A very common question we wireless professionals get asked is. How many clients per AP can we have on this AP?
To help us determine and better answers this question there are some excellent resource available that I have linked below. Highly recommend becoming familiar with them.
Ekahau Site Survey Pro (any of the latest version) need to pay for software
To determine client capacity, we need to understand what is actually possible, as we have some major limiting factors with our wireless networks “Air-time” and the half duplex nature of the medium.
Capacity calculators like the ones above are used to determine how many AP’s/Radio’s we need based on the amount/types of clients and their throughput requirements.
To get a general understand of how many clients a radio can support I will show some examples using Devin Akins efficiency rules (linked above) “MCS rate x ~ 40% / # of users = per device throughput.
Following examples are based on zero 802.11 and non-802.11 source of interference (perfect world).
802.11n 2×2:2 AP with 20MHz channel with 50/30/10 802.11n 1×1:1 clients at an RSSI -64 that gives them a MCS7 data rate of 72Mbps with a short guard interval at medium/large use.
Data Rate= 72Mbps
40% efficiency= medium/large use
Total throughput capacity= 29Mbps
/50 1×1:1 client devices =570Kbps/client
/30 1×1:1 client devices =650Kbps/client
/10 1×1:1 client devices =2.9Mbps/client
802.11n 2×2:2 AP with 20MHz channel with 50/30/10 802.11n 2×2:2 clients at an RSSI -64 that gives them a MCS7 data rate of 144Mbps with a short guard interval at medium/large use.
Data Rate= 144Mbps
Total throughput capacity= 58Mbps
/50 2×2:2 client devices =1.152Mbps/client
/30 2×2:2 client devices =1.92Mbps/client
/10 2×2:2 client devices =5.76Mbps/client
The following examples show the affect that device capability & number has to overall throughput per client.
Wireless networks 99% of the time contain different chipsets, understanding your device types is a critical component to your wireless network.
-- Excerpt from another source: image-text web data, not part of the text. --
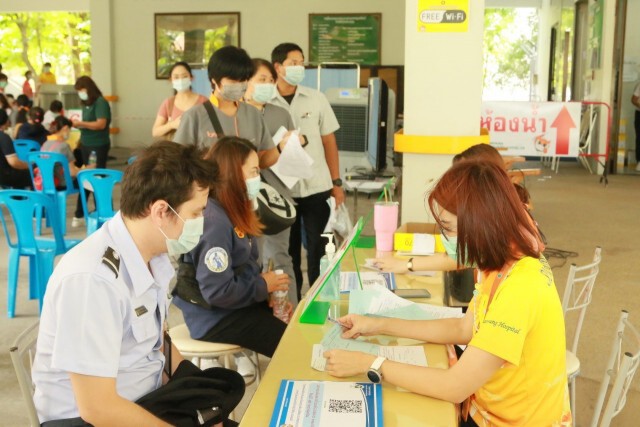 รพ.สวนปรุงพร้อมฉีดวัคซีนโควิด4กลุ่มเป้าหมาย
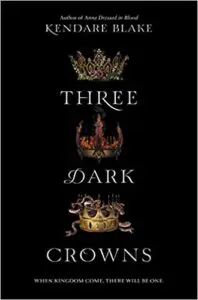 Three Dark Crowns book cover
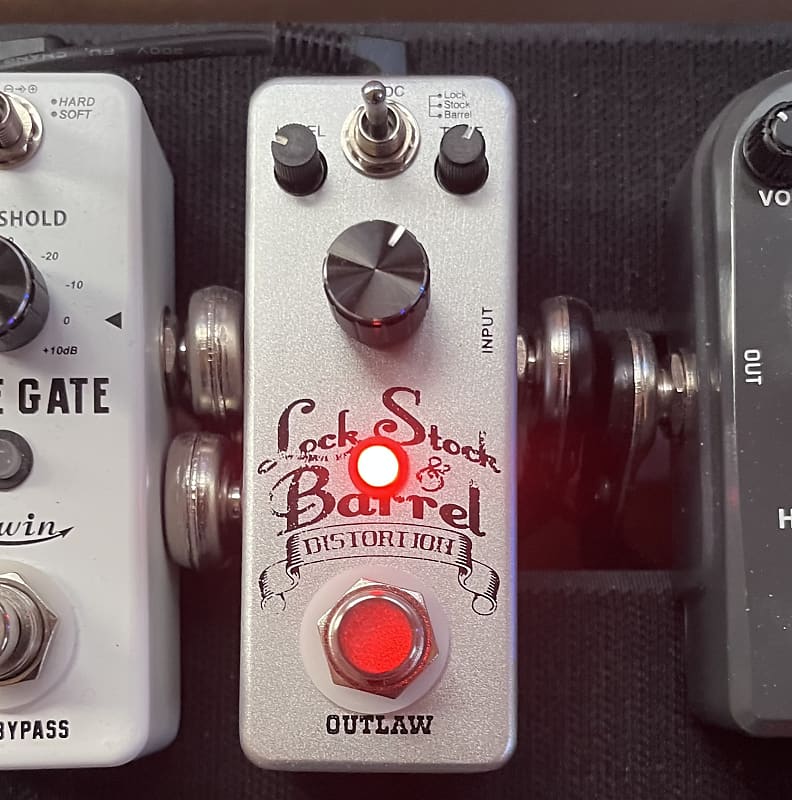 Outlaw Effects Lock Stock Barrel Distortion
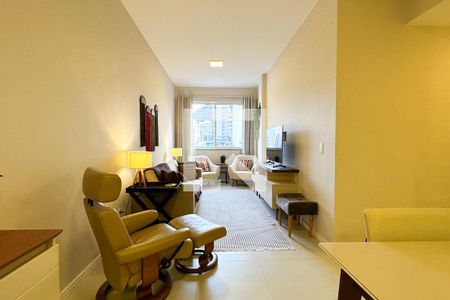 Sala de apartamento à venda com 3 quartos, 98m² em Copacabana, Rio de Janeiro
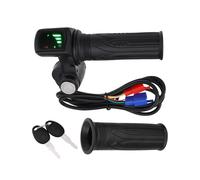 SG Store 1 Set 48V Impermeabile Display LED Manopole Bici Elettrica Con Chiavi Adatto Per Bici Elettrica Scooter Triciclo Altro Veicolo Elettrico Acceleratore (150cm)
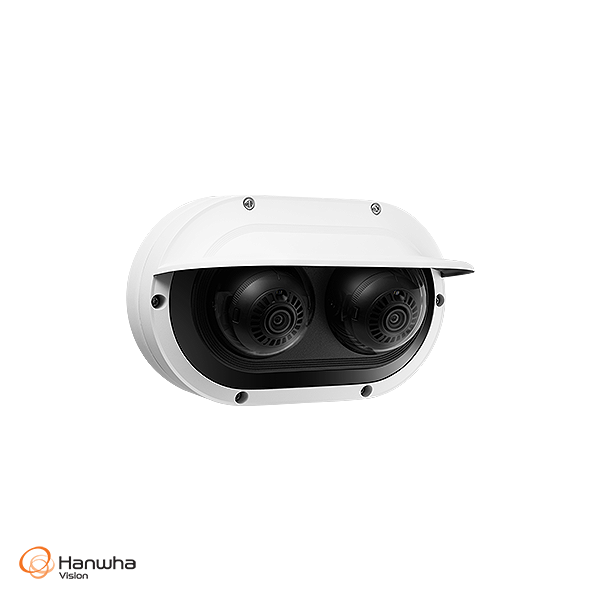 Hanwha VisionHanwha Wisenet 2MP x 2CH AI Multi-directional Camera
Mike Albano site has an extensive list of different client chip sets, if the device is not listed, it mentions how to capture the information.
A very common way marketing spin their AP’s is with descriptions like: “Our 802.11n 2×2:2 APs can support 500 clients with a data rate of 300Mbps”. Which is just not possible.
- To theoretical achieve a “data rate” of 300Mbps you need to have 40MHz wide channels, clients are 2×2:2 802.11n with an RSSI -64dBm using a short guard interval.
- The term “data rate” is completely miss leading this is not your actually throughput, wireless has a lot of overheads, basically cut that value in half and there is your starting point.
Now let’s look at some other variables that also affect the capacity of our wireless networks
- Business requirements:
- Different applications have different channel utilisation threshold before services start being affected
- If Voice services are required what are the RF design and configuration requirements,
- RF design
- Vendor specific configuration requirements: i.e. Cisco CAC
- QoS design
- Such as 802.11e, WMM, DSCP & CoS
- Rate limiting
- Can have significant impact to air-time utilisation
- Airtime fairness
- # of SSIDs
- % of associated users or concurrent clients?
- AP’s configuration i.e. 1x 2.4GHz and 1x 5GHz
- AP Chips sets, can they handle all the con-current and client associations
- Sources of RF and non-RF interference
- Wireless design requirements: Mesh with client connect, etc.
- Mesh present a whole number of extra requirements (headaches) when considering overall aggregate throughput per client.
- Channel plan
- Suitable Channel width without increasing CCI & ACI
- Device types, density, & number of devices: A killer especially with legacy devices.
- Client device drivers are up to date.
- Backhaul: extremely important.
While an AP data sheet may say it can support # of clients per radio, we as wireless engineers need to ensure our wireless networks are designed with sufficient AP density to accommodate the numbers/types of clients and their throughput requirements.
Capacity planning is critical step to ensuring the wireless network meets the requirements of the design.